SUPPLIED INFORMATION START

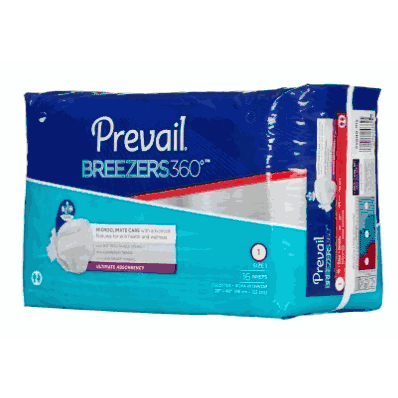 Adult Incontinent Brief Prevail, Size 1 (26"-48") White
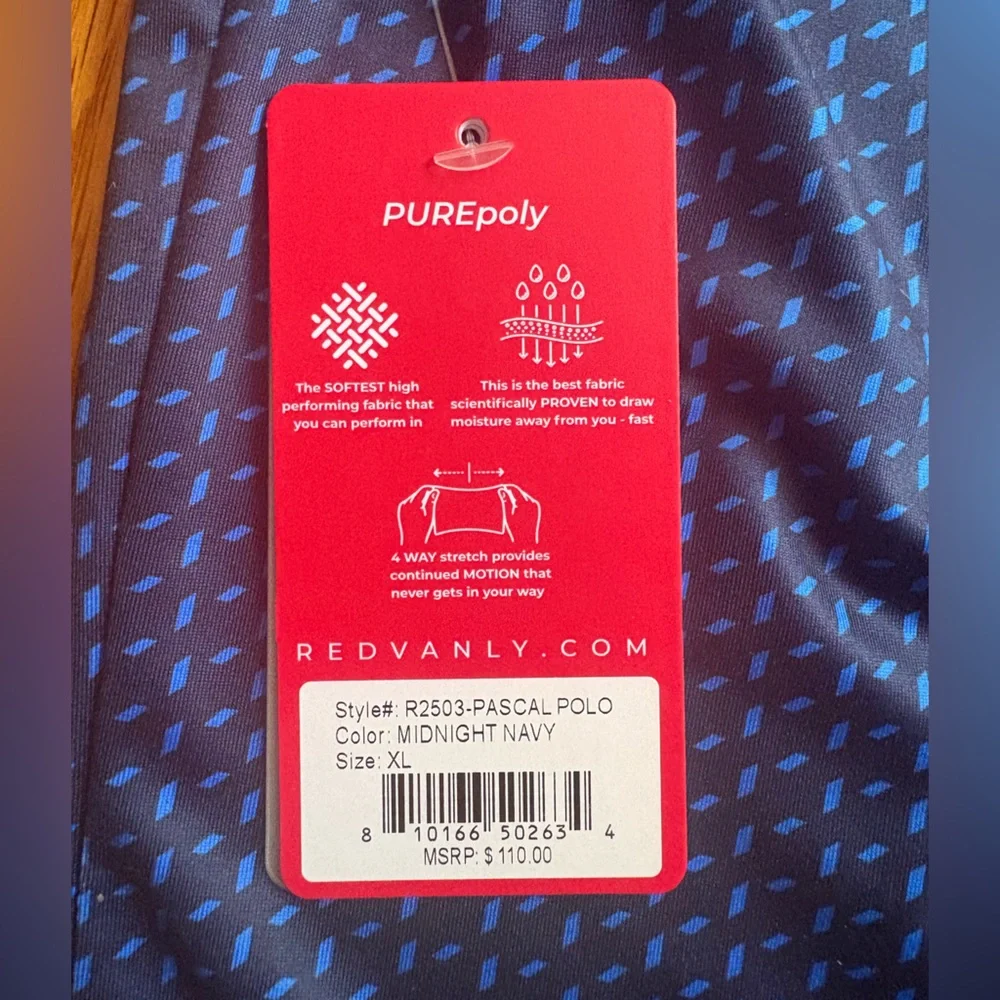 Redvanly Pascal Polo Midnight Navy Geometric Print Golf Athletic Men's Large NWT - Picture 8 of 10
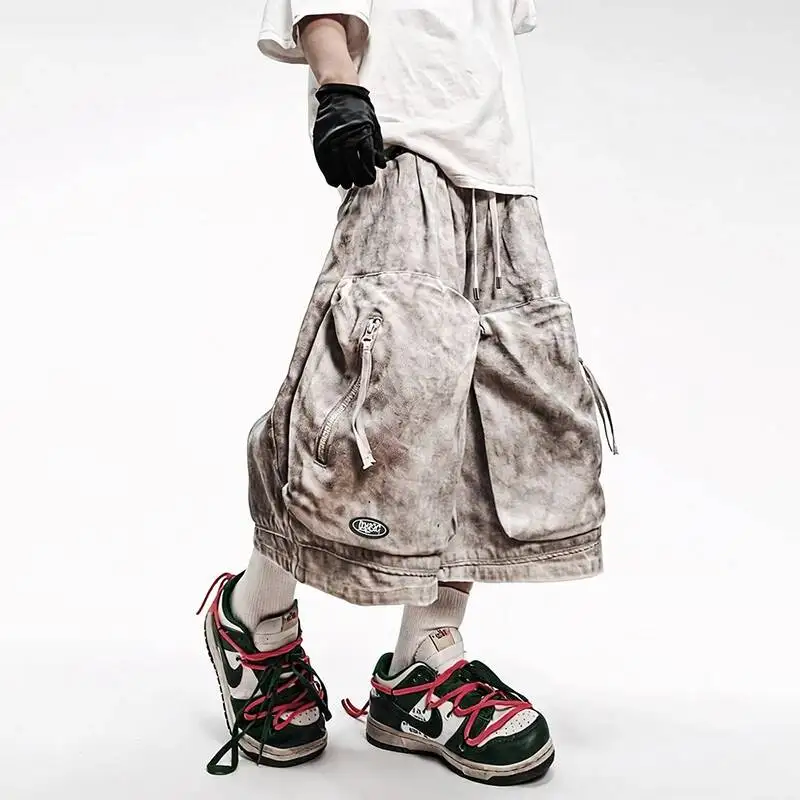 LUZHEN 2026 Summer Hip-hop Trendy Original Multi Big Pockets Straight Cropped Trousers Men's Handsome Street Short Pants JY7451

SUPPLIED INFORMATION END

Pictures in the listing above must be skipped; everything else should be copied exactly.

 Adult Incontinent Brief Prevail, Size 1 (26"-48") White
 Redvanly Pascal Polo Midnight Navy Geometric Print Golf Athletic Men's Large NWT - Picture 8 of 10
 LUZHEN 2026 Summer Hip-hop Trendy Original Multi Big Pockets Straight Cropped Trousers Men's Handsome Street Short Pants JY7451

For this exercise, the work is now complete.